As we hoped we would, we got to Oklahoma City right at sunset, and drove downtown to see the Oklahoma City Memorial. From the time we got out of the van, I was struck with the sense that we were on hallowed ground. Everyone spoke quietly, and clustered in small groups, keeping kids in line.

Across the street is a memorial, with a life-size Jesus, sobbing. The statue stands atop a marble block, with “And Jesus wept” inscribed. That’s a very moving tribute, and really put the visit into perspective.

Outside the structure is a chain link fence, and covering the fence from end to end, are all kinds of memorabilia left by family and strangers, residents and visitors. Everything from keychains to license plates, photos to poems, adorned the fence. It’s obvious to me that this terror strike on US soil really hit home, years before 9/11 hardened us once more to terror on our shores.

It’s hard to realize that a building stood here once. It’s a beautiful park, with a shallow reflecting pool and two monolithic structures at either end, marked with two different times — presumably the time of the blast and collapse. These dominate the park.

There’s also a field of copper chairs, each atop a glass block, inscribed with the name of someone lost in the building. There are even smaller chairs for the children that were lost in the daycare. As tomorrow is Easter, some of the children’s chairs had Easter bunnies in them. A touching, telling reminder of the lights extinguished in this horror. As the sky grew darker, the chairs were lit in an eerie reminder of this loss.

As we walked around and read the plaques, we found out we were there just days before the ninth anniversary of this tragedy.

It is beautiful, and fitting, but a crying shame that it’s needed at all.

We were there too late to visit the museum — that’ll be on another trip.

Between the drive and trying to get our minds around this memorial, we found ourselves exhausted, and found a hotel near the airport, and crashed, hoping to be refreshed physically, spritually and mentally for tomorrow’s drive.

Good Friday

We went today to get our rental van. I was expecting a lackluster performance by the rental company (based on my last rental experience with them), but was pleasantly surprised.

When we pulled in, we were greeted, shown the vehicles in the class we were looking to rent, and helped with features and experiences with them. Really a class act, and a huge surprise from a low-dollar rental agency. Little do they know how many miles we’re gonna put on their vehicle!
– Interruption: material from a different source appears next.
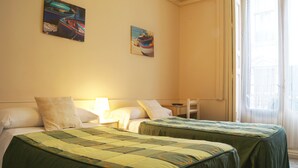 Ein Hotelzimmer mit zwei Betten, einem Nachttisch und zwei Bildern an der Wand.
Beck and I packed and loaded most of the night, finally collapsing into sleep with items still to pack and load. Oh well!

How Much Is That Gasoline in the Window?

$1.799

Yup, you read it right. Another twenty cent increase in the price of a gallon of gas last night — the highest I’ve ever seen gas here. Unbelievable!
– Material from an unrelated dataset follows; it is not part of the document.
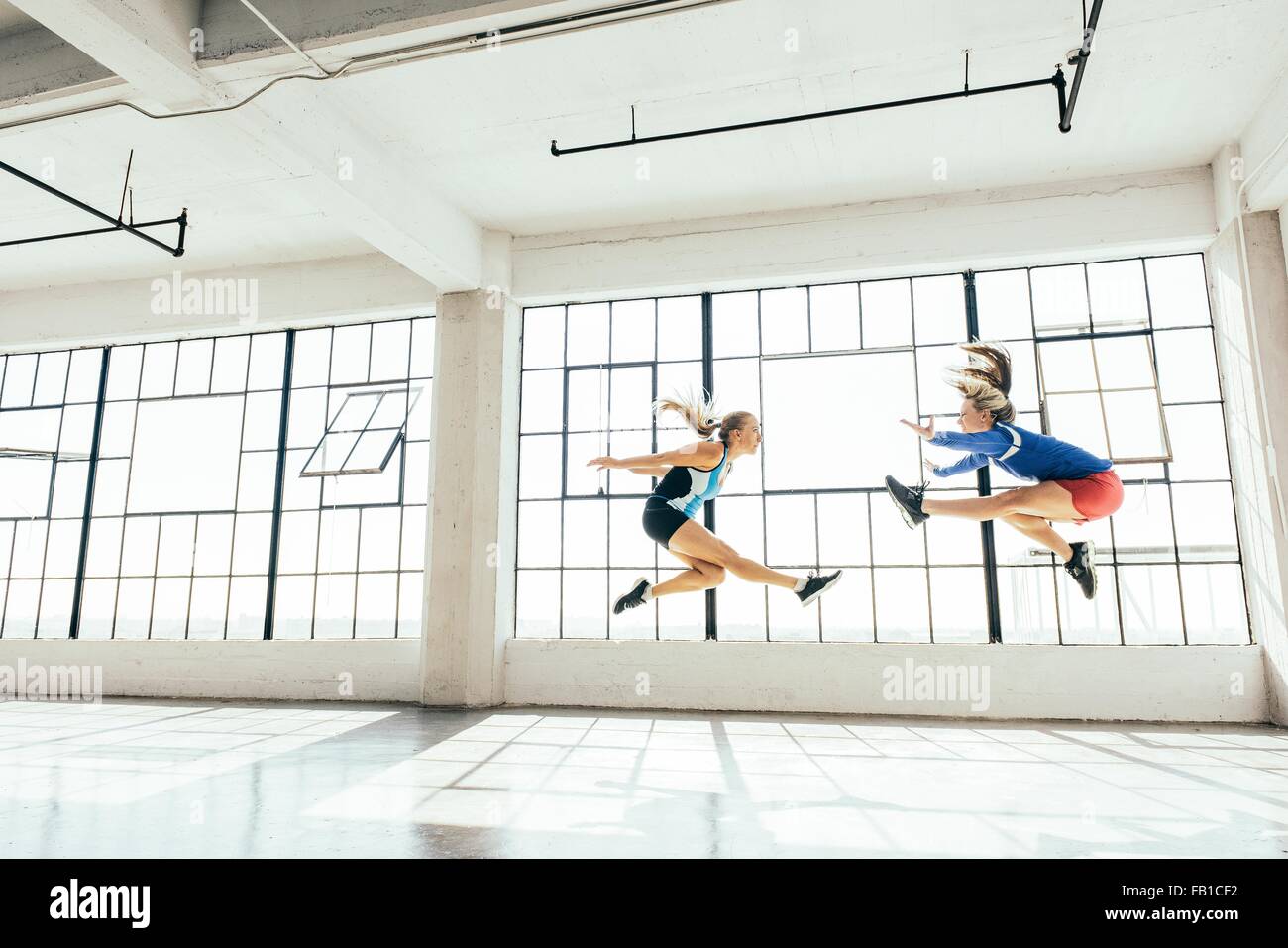Low angle side view of young women in gym doing mid air lunge Stock Photo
However, I did some figuring, and even a twenty cent hike only adds about $45 to the gas cost for our trip in a couple of weeks. That’s not horrible, but I know I’ll have sticker shock when I pay the man for the gas at each stop.

And, I’m sure that there will be places with much, much higher gas along the way. I wouldn’t be surprised to pay $2.50/gal somewhere along the way, probably the west coast or near the Grand Canyon.

Desert Music

$1.569

I was listening to the Gin Blossoms on the way home from work tonight, and it suddenly struck me that the desert was a catalyst for growth in my musical tastes.
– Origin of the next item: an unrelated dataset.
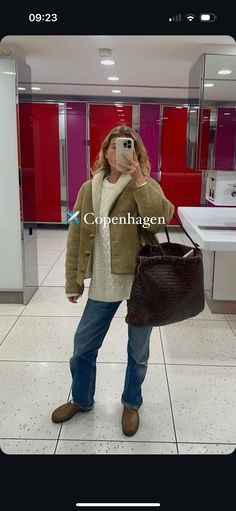 a woman taking a selfie with her cell phone in a public bathroom stall holding a brown purse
I was sent to Phoenix in 1992 for an IBM OS/2 Technical Exchange — probably one of the best conferences I’ve ever been to. I rented a car out there, and after the conference, stuck a mag-mount antenna on the trunk, hooked up my HF radio (probably an Icom IC-757 GX II, I’d bet), and headed west toward Palm Springs. I was gonna meet up with someone I’d talked to on the radio for years, but hadn’t met in person.

As I tooled across the southern desert on I-10, I listened to an FM radio station out of Phoenix called “The Edge”. They played a kind of music I’d never heard in Chattanooga (which is where I was living at the time), and called it Alternative Rock.

I can’t remember all the music they were playing, but it was all new to me. 4 Non Blondes, The The, and The Gin Blossoms are all ones I remember hearing for the first time during that trip.

How appropriate that, upon the eve of our trip to the desert, I’m reminded of one of the impacts that stark landscape laid upon me.